Nanoscale Imaging with Resonant Coherent X Rays: Extension of Multiple-Wavelength Anomalous Diffraction to Nonperiodic Structures

The methodology of multiple-wavelength anomalous diffraction, widely used for macromolecular structure determination, is extended to the imaging of nonperiodic nanostructures. We demonstrate the solution of the phase problem by a combination of two resonantly recorded coherent scattering patterns at the carbon $K$ edge (285 eV). Our approach merges iterative phase retrieval and x-ray holography approaches, yielding unique and rapid reconstructions. The element, chemical, and magnetic state specificity of our method further renders it widely applicable to a broad range of nanostructures, providing a spatial resolution that is limited, in principle, by wavelength only.

Figure 1

Schematic experimental setup for MAD phasing: The sample (SEM image) is illuminated with a monochromatized and spatially coherent source (red). MAD phasing exploits the energy-dependent interference of the $R$ exit wave (red) with the non-$R$ exit wave (blue). The interference patterns recorded with a CCD detector reveal notable changes around the carbon $K$ edge. The center portions of two intensity maps are shown on a logarithmic scale. The corresponding OCs for the selected energies are indicated in the plot.

Figure 2

MAD phasing results: (a) the amplitudes $|A_N|$ and (b) $|A_R|$. Intensities are shown on the same logarithmic scale. (c) The phase relation $\Delta \varphi$ is obtained from the interference of the two components. $800\times 800$ pixels are shown corresponding to $0.153{\mathrm{nm}}^{-1}$.

Figure 3

Top: The diagram represents the iterative RPR method implementing the MAD phases $\Delta \varphi$ as reciprocal space constraints between the $R$ and non-$R$ amplitudes. Bottom: The normalized convergence error is plotted against the iteration for a set of reconstructions with varying OCs.
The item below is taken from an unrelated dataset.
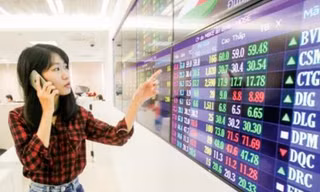 Thanh khoản tăng vọt, chứng khoán gay cấn 30 phút cuối phiên
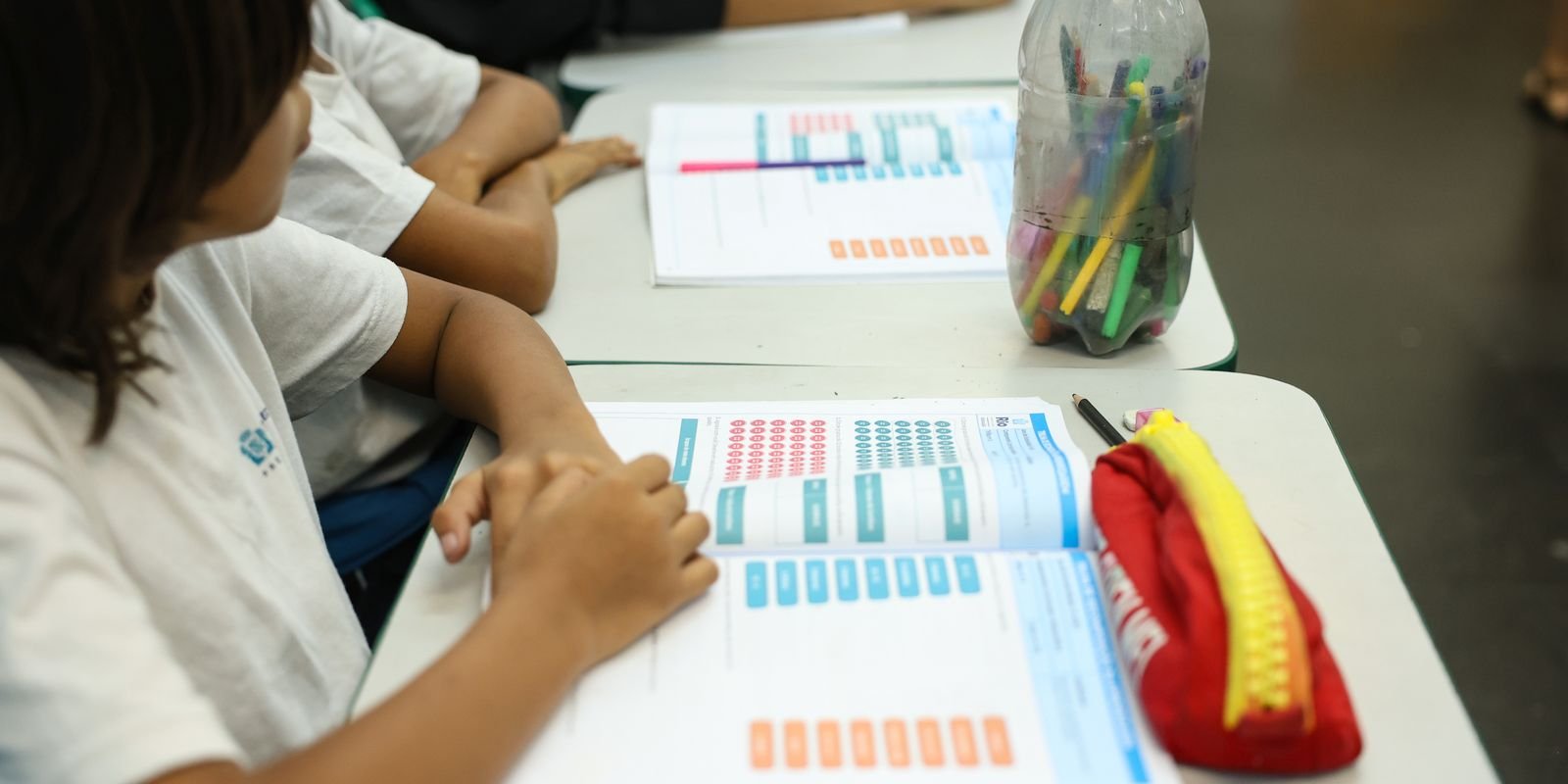 Novas diretrizes do MEC abrangem música, dança, teatro e artes visuais na educação básica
The insets show the progressing $R$ structure determination and the non-$R$ part (circular aperture).

Figure 4

(Top left) The final $R$ structure of the polystyrene spheres and (top right) a magnified portion with adjusted linear contrast is presented. The 90 nm spheres are clearly resolved. The phase stability (bottom) suggests that image resolution is not better than 25 nm limited by the statistics at higher $q$.